Surpassing the classical limit of microwave photonic frequency fading effect by quantum microwave photonics

TL;DR

This paper demonstrates that quantum microwave photonics can surpass classical limits in microwave signal processing, offering immunity to dispersion effects and enabling advanced functionalities like phase shifting and filtering.

Contribution

It introduces quantum microwave photonics as a superior approach for microwave signal processing, demonstrating key functionalities and immunity to classical dispersion-induced fading.

Findings

Realization of RF phase shifting and transversal filtering using QMWP

Demonstration of immunity to dispersion-induced frequency fading

Provision of a native two-dimensional parallel microwave signal processor

Abstract

With energy-time entangled biphoton sources as the optical carrier and time-correlated single-photon detection for high-speed radio frequency (RF) signal recovery, the method of quantum microwave photonics (QMWP) has presented the unprecedented potential of nonlocal RF signal encoding and efficient RF signal distilling from the dispersion interference associated with ultrashort pulse carriers.
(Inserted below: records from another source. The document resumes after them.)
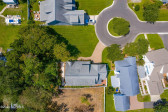 107 Cara Ln Beaufort, NC 28516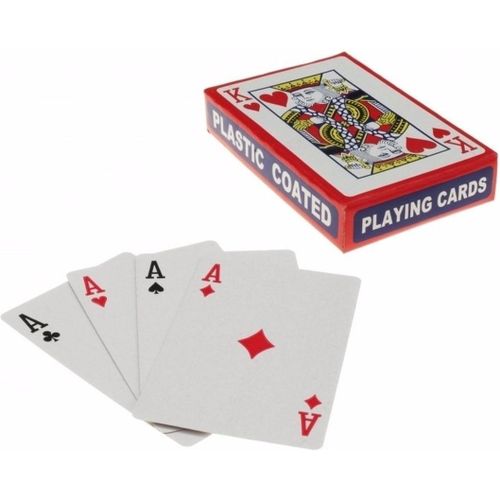 product_image_name-Generic-Jeux de Cartes Rami en Plastique-4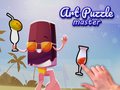 游戏Art Puzzle Master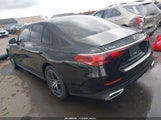 Mercedes-Benz E 350 W1KLF4HB1SA104136 снимка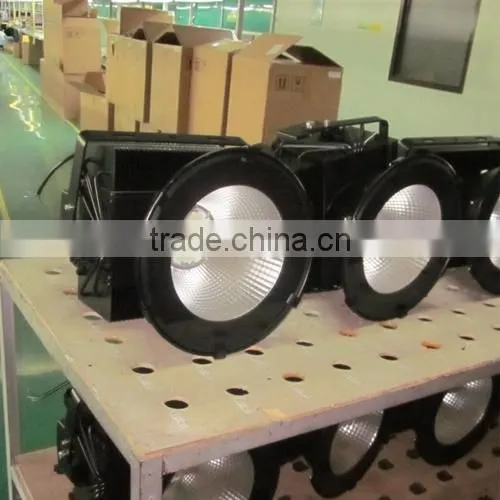 High Bay Led Light 300w ul Tuv Saa for Commercial Use Sports Stadium photo-5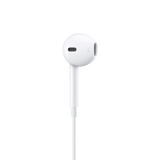 earpods-usb-c_MTJY3_AV2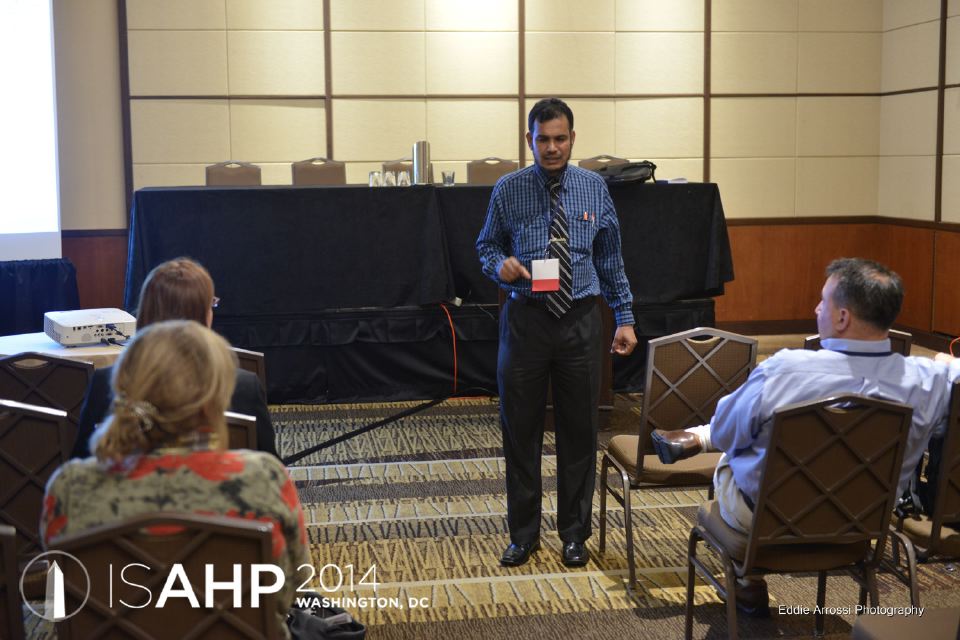 isahp_6-30-14_386.jpg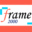 frame2000.com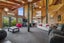 29 Hall Road, Ngongotaha, Rotorua - Carousel 5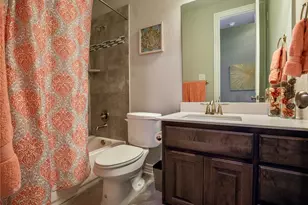 3401 Venezia View, Leander, TX 78641 - Photo 20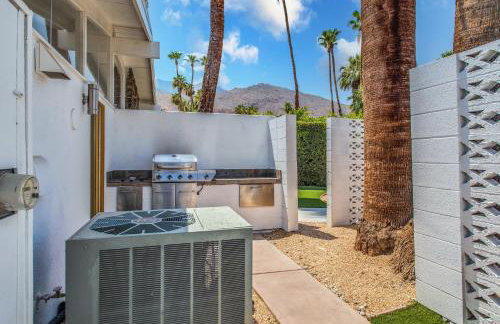 Twin Palms Paradise - Foto 61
In this letter, its capability in microwave signal processing and prospective superiority is further demonstrated. Both the QMWP RF phase shifting and transversal filtering functionality, which are the fundamental building blocks of microwave signal processing, are realized. Besides the perfect immunity to the dispersion-induced frequency fading effect associated with the broadband carrier in classical microwave photonics, a native two-dimensional parallel microwave signal processor is provided. These demonstrations fully prove the superiority of QMWP over classical MWP and open the door to new application fields of MWP involving encrypted processing.